North Charleston gives 80 acres to Clemson to build research campus

Charleston Post and Courier
September 1, 2005

The North Charleston City Council voted unanimously Thursday to give Clemson University 80 acres on the former Charleston Naval Base to build a research campus and restorative sciences program around the Hunley, the first submarine to sink an enemy ship in battle.

“We are just terrifically excited about this,” said Jan Schach, dean of Clemson’s School of Architecture, Arts and Humanities and director of the Restorative Institute. “The first thing we are going to do is go to the state and ask them for $10 million for improvements to the (Warren Lasch) Conservation Center (where the Hunley is being restored).”

Money not used at the conservation center goes toward construction of a new building as part of the restorative institute, she said.

Details of the agreement between the city, Clemson, Friends of the Hunley and the Hunley Commission are still to be worked out, but the resolution passed by the council paves the way for the turnover of property that houses an old tank farm and rusting warehouses.

“North Charleston has taken brown fields and turned them into gold fields,” state Sen. Glenn McConnell and Hunley Commission chairman said after the vote. “I can’t begin to tell you how big this is for the city of North Charleston. The city of North Charleston could have chosen to go for a few nickels, but they chose to go for millions instead.”

Before the meeting, there were concerns that the city would hold out for guarantees of tax money from future buildings on the property, but both city officials and McConnell said that is no longer a problem.

“The roadblocks are out of the way,” McConnell said.

The initiative will lead to private investors setting up shop to support Clemson’s efforts and pump new taxes through leased office space into North Charleston’s coffers, McConnell said.

“It’s an opportunity for us to utilize that property. We have no plans for it,” Councilman Bob King said.

“The research center will create incubator businesses that will provide excellent jobs for this area and the state,” Mayor Keith Summey said. “Short term it will benefit the community, but the greater benefit will be long term. By building a high-technology infrastructure within our community, it assures we will be on the cutting edge of technology for the future and will bring in jobs that will be beneficial to the children of today and tomorrow.”

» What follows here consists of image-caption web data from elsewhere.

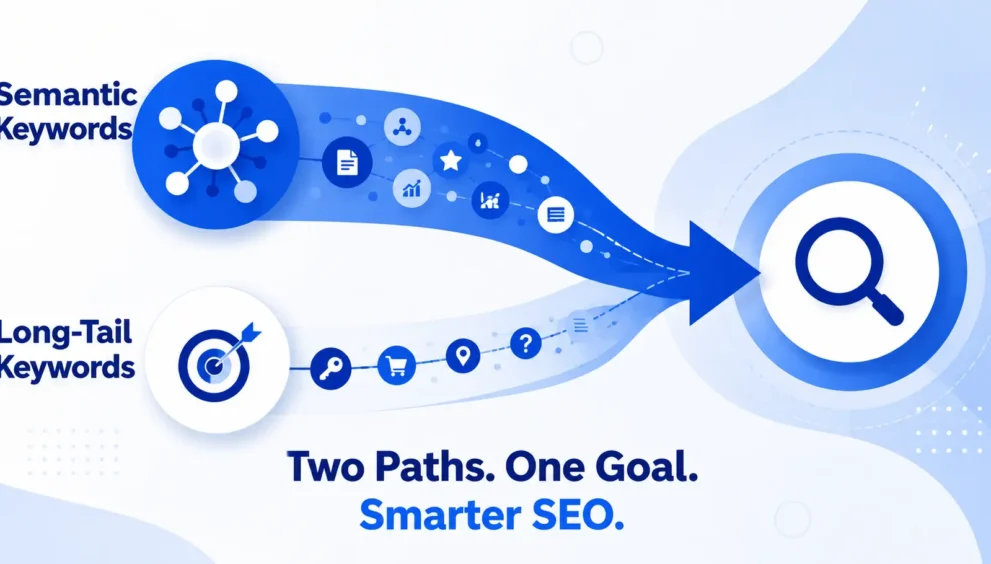 Semantic vs long-tail keywords comparison showing two keyword paths converging into a search symbol.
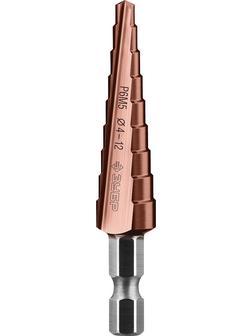 ЗУБР Кобальт, 4-12 мм, 9 ступеней, сталь Р6М5, кобальтовое покрытие, ступенчатое сверло, Профессионал (29672-4-12-9)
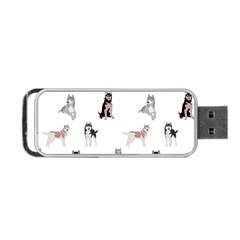 Husky Dogs With Sparkles Portable Usb Flash (one Side) by SychEva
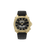 Herrenuhr mit schwarzem Silikonarmband, goldfarbener Lünette und schwarzem Zifferblatt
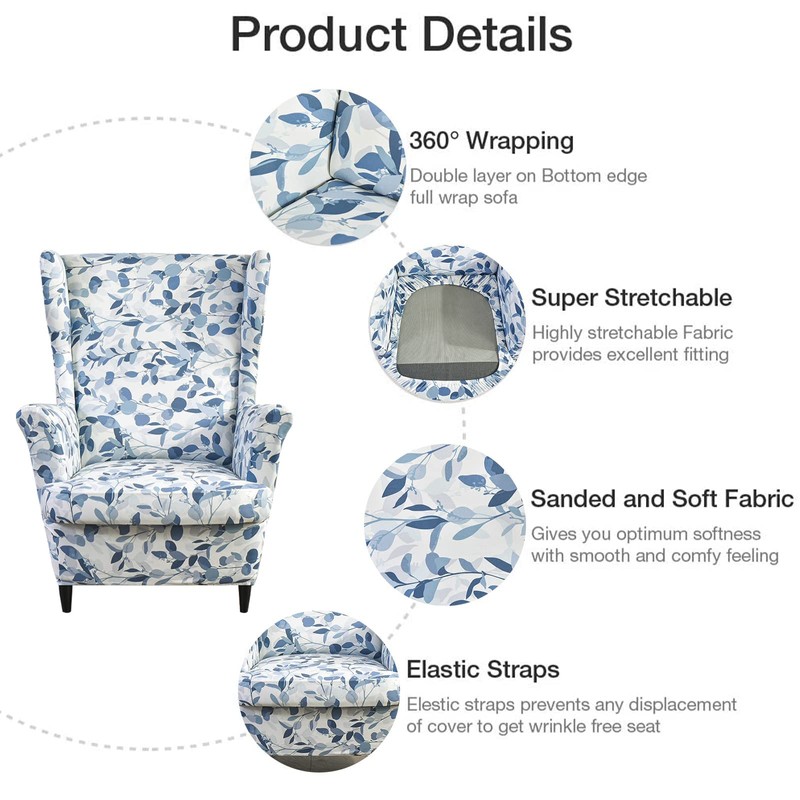 Wing Chair Slipcovers 2 Pieces Stretch Spandex Wingback Chair Covers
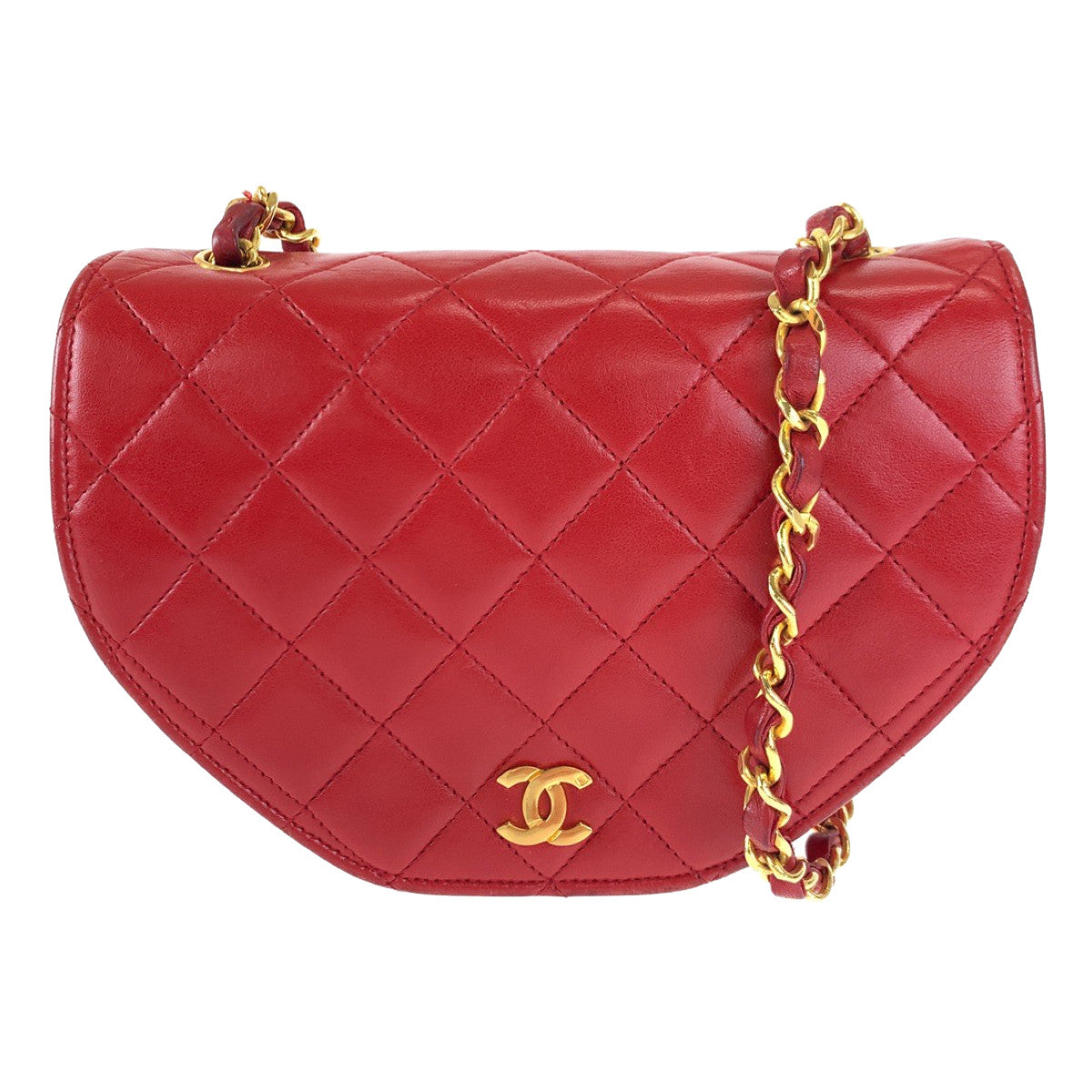 H-00185
CHANEL シャネル マトラッセ ココマーク レッド 赤 ゴールド金具 ラムスキン チェーンショルダーバッグ  レディース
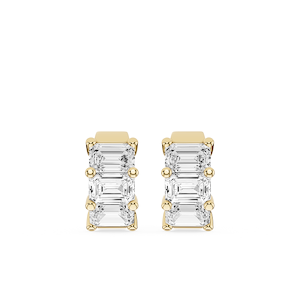 Emerald Lab Grown Diamond Three Stone Hoop Earrings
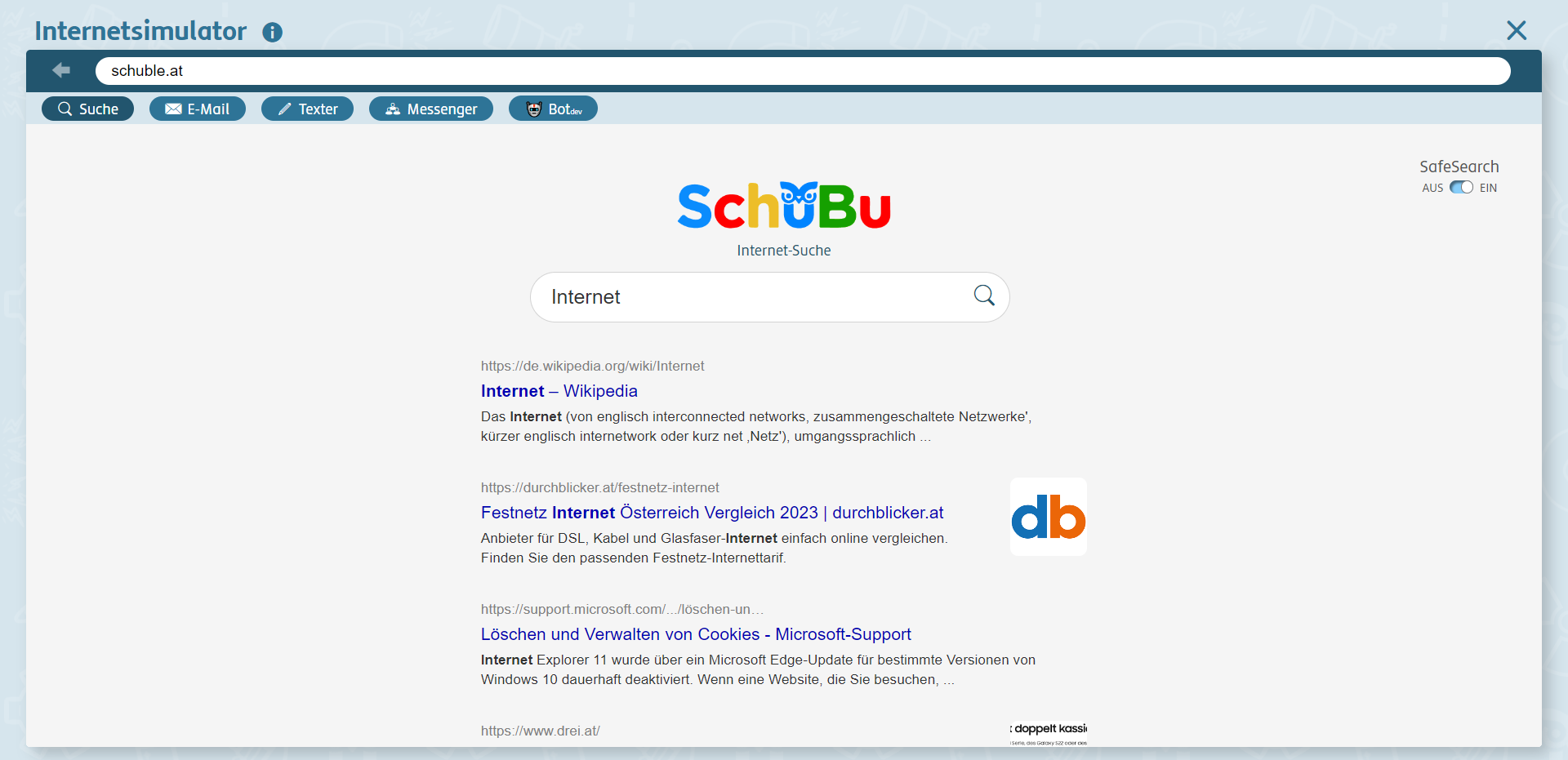 Die Suche im Internetsimulator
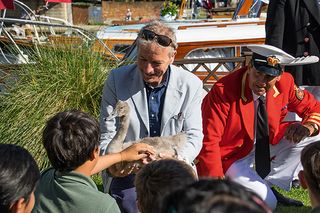 Filming swan upping for Land of Hope and Glory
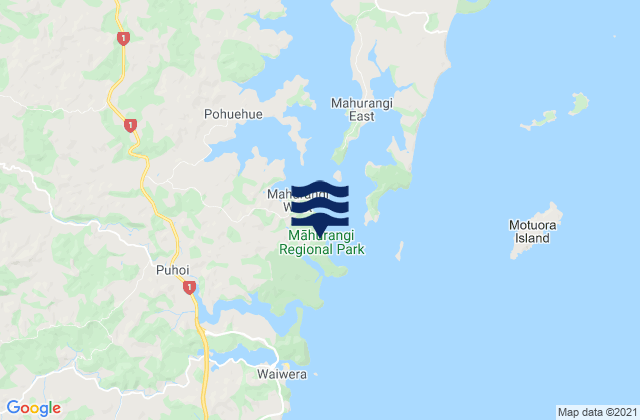 Mapa da tábua de marés em Otarawao Bay, New Zealand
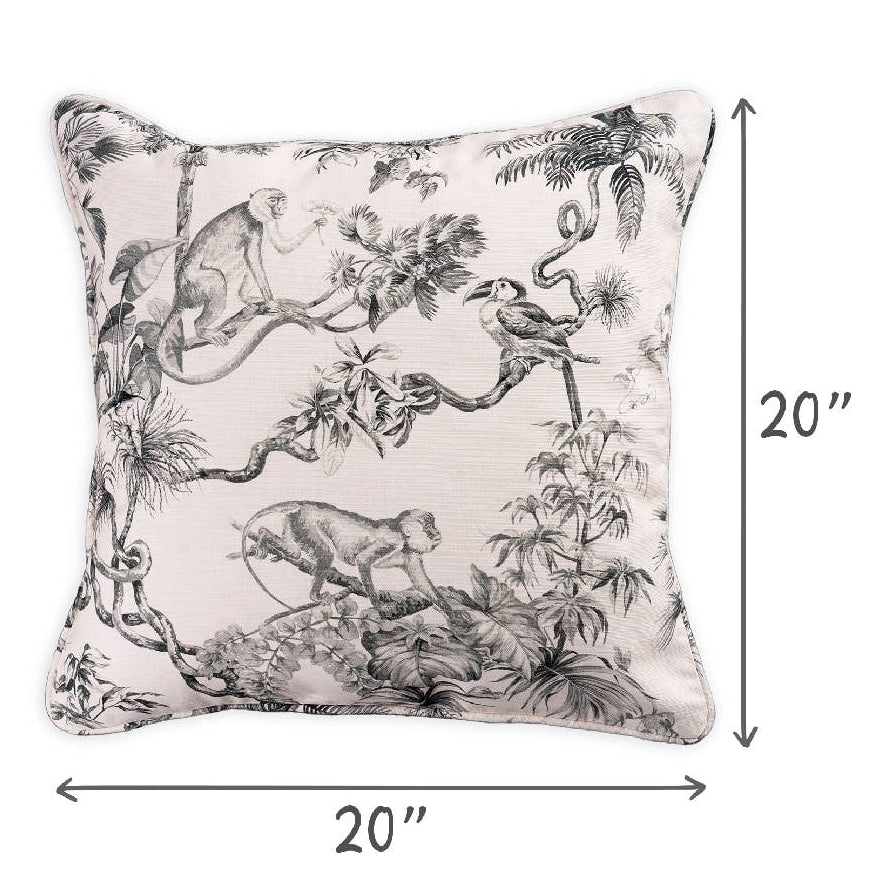 Panama Dark Gray Decorative Throw Pillow With Feather Insert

The 80-acre campus, 5 percent of the 1,600-acre former base, will branch out from the Warren Lasch Conservation Center and would form the hub of a restoration institute that ultimately could employ nearly 5,000 people and have a $500 million annual economic impact. Sixty-five acres of the land is bounded by Viaduct Road, Hob-son Avenue and Reynolds Avenue. The other 15 acres are around the Lasch center.

On Wednesday, the Hunley Commission approved the initial step in the deal, which will turn over the conservation lab to Clemson in exchange for the university funding the Confederate sub’s restoration.

The deal locks in money for the sub’s restoration, something the Hunley Commission is paying for with private donations and dwindling federal funds.

Once title to the land is transferred, Clemson will take over the lab with 90 full-time employees and a payroll of more than $5 million annually. Hunley scientists will remain in current jobs, and Friends of the Hunley will continue to raise money for the restoration and 142-year-old vessel’s eventual museum home.

Clemson could eventually build a campus that would create between 2,000 and 4,750 jobs with annual payrolls between $125.8 million and $286.3 million. Tentative plans call for a number of new buildings that would generate between $1.7 million and $4 million a year in property taxes for North Charleston.

After Clemson takes over restoration efforts, Summey expects to have the Hunley on display in a new museum by 2009.

“I think this is a win-win situation for Clemson, for us and the state of South Carolina as a whole,” he said.

Hunley Commission member Randy Burbage summed up the historic move.

“The eight crewmen on the Hunley had no idea they would have such an economic impact on this area,” he said.

In other business, the council gave initial approval to a plan to rezone 84 properties in the old Garco Village from multi-family residential to single-family residential and referred the issue to its Public Safety Committee for further study.

James Island resident Dick Mappus asked council to spare his less than half-acre lot from the plan because he wants to put four units on the lot at Gaffney Street and Jenkins Avenue, where one house now sits that he rents out.

Northeast Park Circle Civic Club President Gayle Frampton opposed Mappus’ request.

“We don’t need to crowd up housing on one lot or create a problem that we are trying to overcome now,” she said.